He had taken his pet grass snake into lessons and left it in its box overnight in the classroom.
After the day's school was over, the creature had slithered out of its box and curled up underneath the waste paper - giving one of the cleaners the fright of her life when she went to empty the basket before lessons the next morning.
Geoff, who now lives in Boston, told his audience: "The cleaners immediately downed tools and complained to the headmaster.
"When I arrived, I was summoned to his office. He was not best pleased and told me in no uncertain terms what to do with my snake!"
The episode was one of many amusing anecdotes that peppered Geoff's illustrated talk about his favourite wildlife-watching haunt - the area of Dorset which embraces the Isle of Purbeck, RSPB Arne and Brownsea Island.
Nothing delights him more than to spend part of summer parked up in a caravan at a site outside Wareham which is his base for exploring Purbeck's geography, its geology, its industrial activity (notably oil extraction), its 30 diferent habitats and its extraordinary wealth of wildlife.
Of particular interest to his birwatcher audience was the status of iconic species such as ospreys and Dartford warblers, but Geoff made sure also to highlight the reptiles, the fish (including corkwing wrasse), the butterflies (including the Lulworth skipper), the other insects, plus the array of seaweeds and wildflowers which go under such unusual names as woolly thistle, snakelock anemone, bog alphodel, ivy broomrape and chalkmilkwort.

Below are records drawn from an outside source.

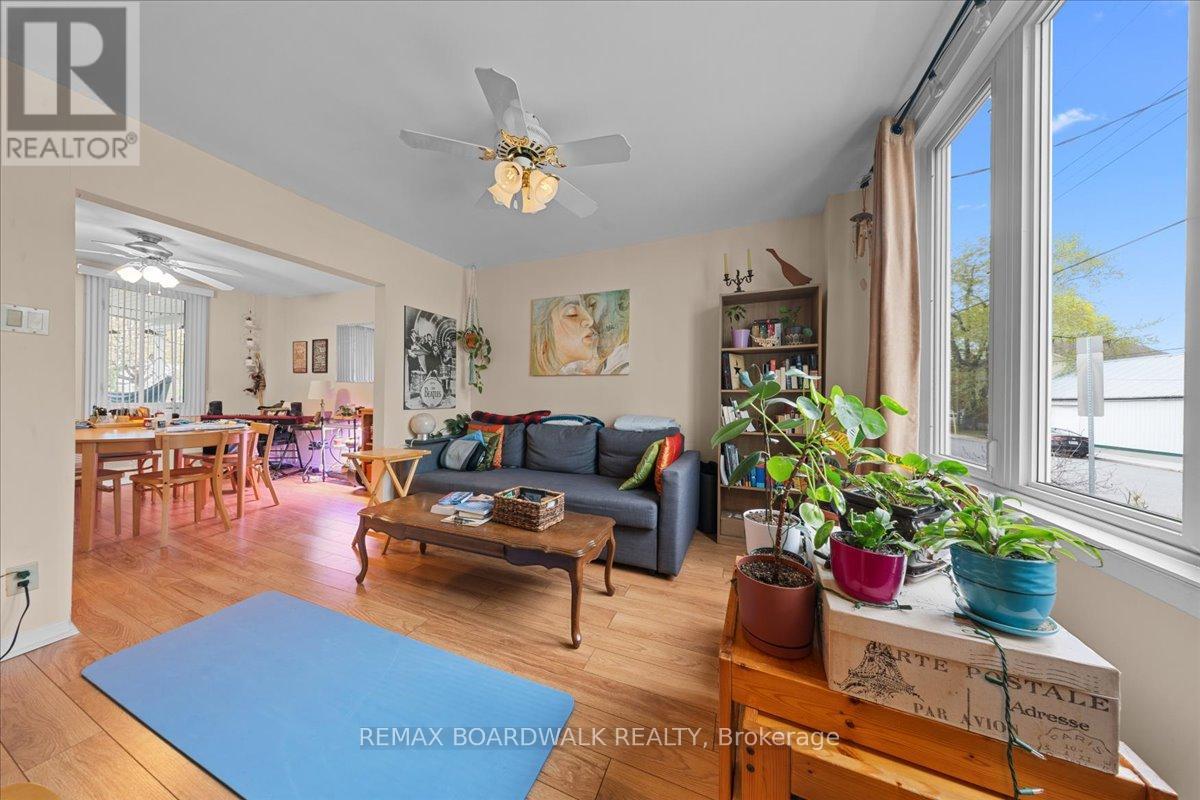 204- 206 JEANNE MANCE STREET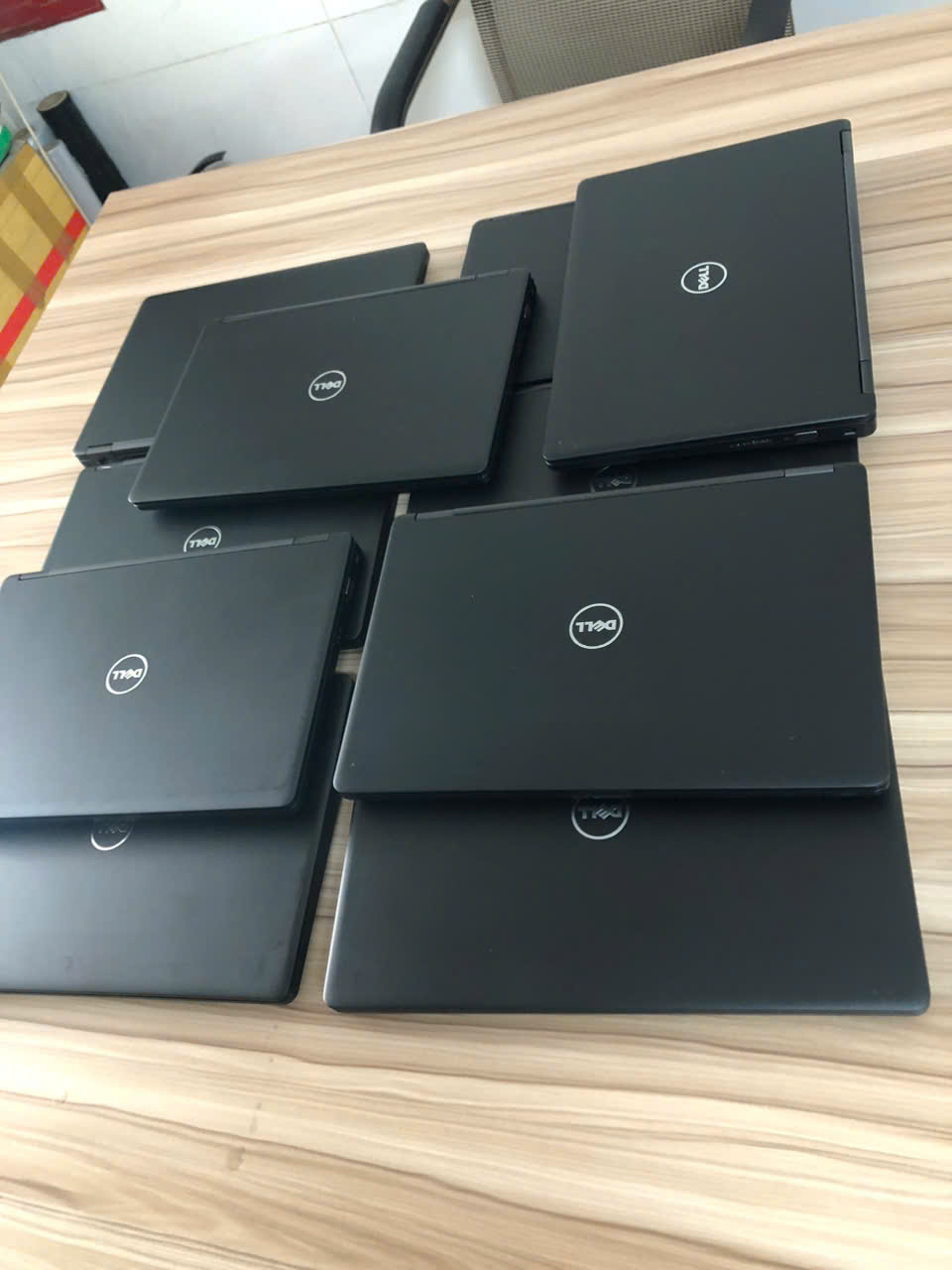 Dell Latitude E5480 | CORE I5 7200U | RAM 8G | SSD 256GB | MÀN HÌNH 14 IN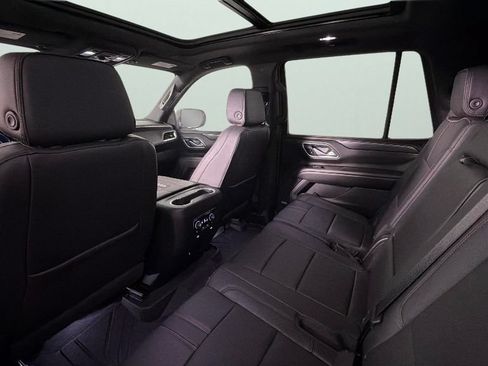 Used 2024 Chevrolet Tahoe RST w/ Luxury Package RWD image 29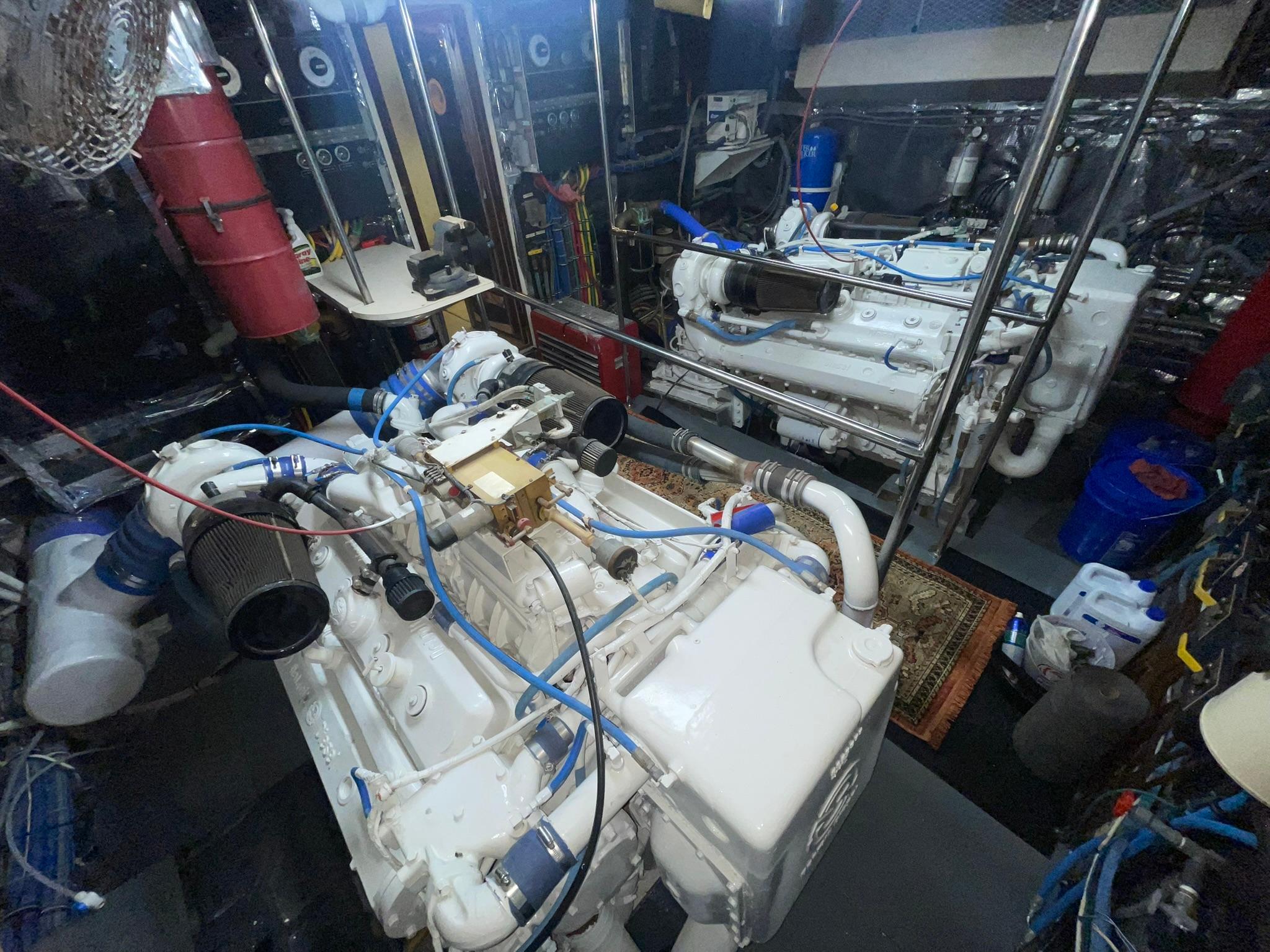 Hatteras-80 Cockpit Motor Yacht 1989-GENTLE BEN VA-US-WALK-IN ENGINE ROOM LOOKING AFT-9784968 | Thumbnail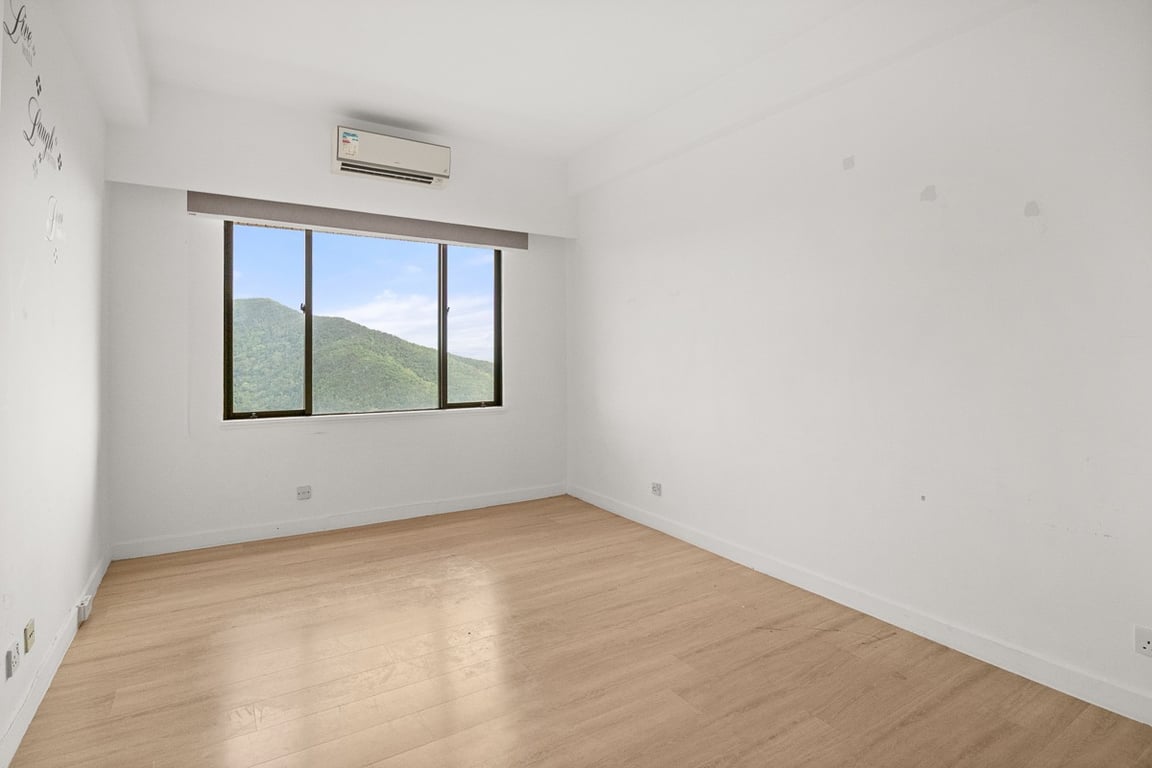 https://img.propertyraptor.com/cdn-cgi/imagedelivery/KD5bF_AFL0JDTbKLWF7z9g/ap8/ap8_001/hornet/prp/img/9fca277857ae985289604f00b3240950-wtm.jpg/public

On a controversial note, Geoff rejected the RSPB's oft-made claim that warming of the seas was to blame for the decline both of sandeels and the puffins which feed on them.
"On the contrary," he said. "Sandeels thrive in warm water which is why the colonies of puffins in South-west Wales are doing so well.
"The reason why sandeels are faring so poorly in the North Sea is that they are being overfished commercially - with the chief culprit being Russia."
*The next meeting of Grimsby RSPB - at 7.30pm on June 19 - will be the annual meeting and election of officers followed by an illustrated talk by the chairman of Lincolnshire Bird Club, Phil Espin, whose presentation will be on the Great Bustard and other Lost Birds of Lincolnshire. Admission is £4 and the venue is Holy Trinity Parish Hall, Grimsby Road, Cleethorpes.